Proposed approach would take capacity into account


Published:

Andrew Zuckerman, chief operating officer for MCPS, talks about new approaches to ranking school renovation and expansion projects.

Via Montgomery County Public Schools

School officials are looking to change up the way they rank expansion and rehabilitation projects in line for funding.

For years, Montgomery County Public Schools has formed its project queue based on a one-time assessment of a school’s condition. This evaluation looks only at the facility’s age and physical state and doesn’t take into account the school’s capacity or impact of various programs. And once established, the school’s place in the lineup might remain fixed for two decades or more.

Andrew Zuckerman, chief operating officer for MCPS, told the Board of Education on Tuesday that his office is updating this system as staff begins drafting a six-year plan for capital projects. 

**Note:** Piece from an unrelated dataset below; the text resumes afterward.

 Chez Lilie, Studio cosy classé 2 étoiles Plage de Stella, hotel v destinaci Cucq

For example, the proposed approach would factor in the amount of crowding at a school and programmatic uses, he said. He and his office’s executive director, Essie McGuire, also recommended reevaluating the queue on a regular basis. Since buildings deteriorate at different paces, more frequent checks are necessary to make sure the most urgent projects rise to the top of the capital improvements program, she said.

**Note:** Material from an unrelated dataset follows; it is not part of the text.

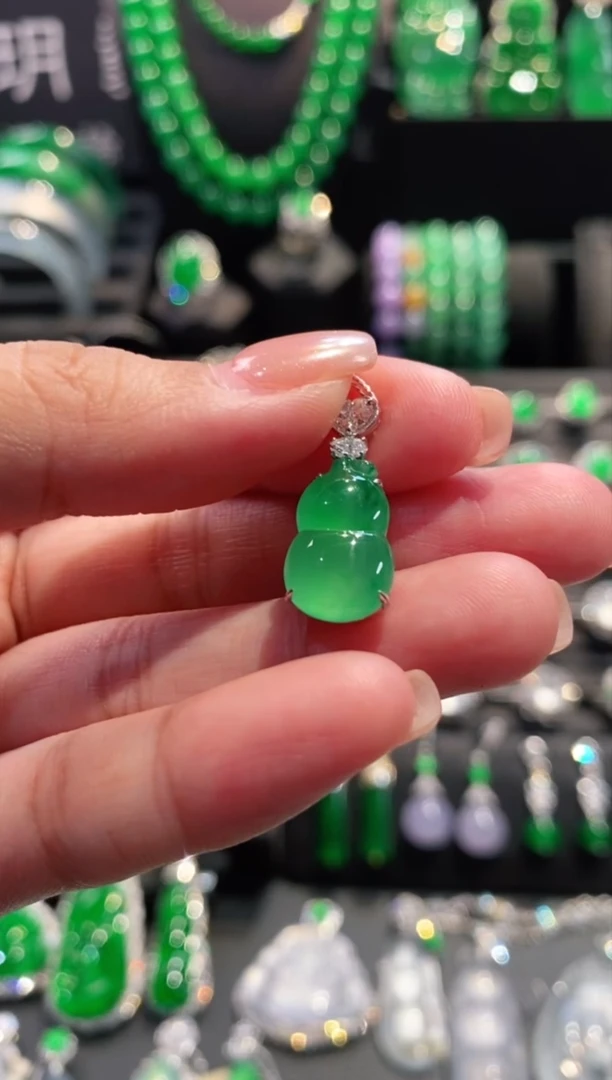 吊坠(不含链)18K金镶嵌翡翠葫芦吊坠5100812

School Board member Judith Docca said she agreed school capacity considerations have been missing from MCPS’s approach to prioritizing revitalization and addition projects.

“That has caused us a lot of problems in the past, and I appreciate you making a change there,” she said.

Board member Patricia O’Neill stressed the importance of showing the community that the ranking system is trustworthy.

“We need something that is absolutely fair, that’s absolutely objective,” she said.

McGuire said MCPS is also reexamining its long-range planning strategies, working with an external consultant to develop strategic growth management plans that look beyond the six-year horizon of the school system’s capital improvement program. Staff will likely use this model to do far-reaching planning in the Walter Johnson and Bethesda-Chevy Chase clusters, where development activity is expected to put pressure on school capacity.

These new planning approaches will come into play as MCPS staff prepares the superintendent’s recommended capital improvement program for fiscal 2019-2024, slated for release in October.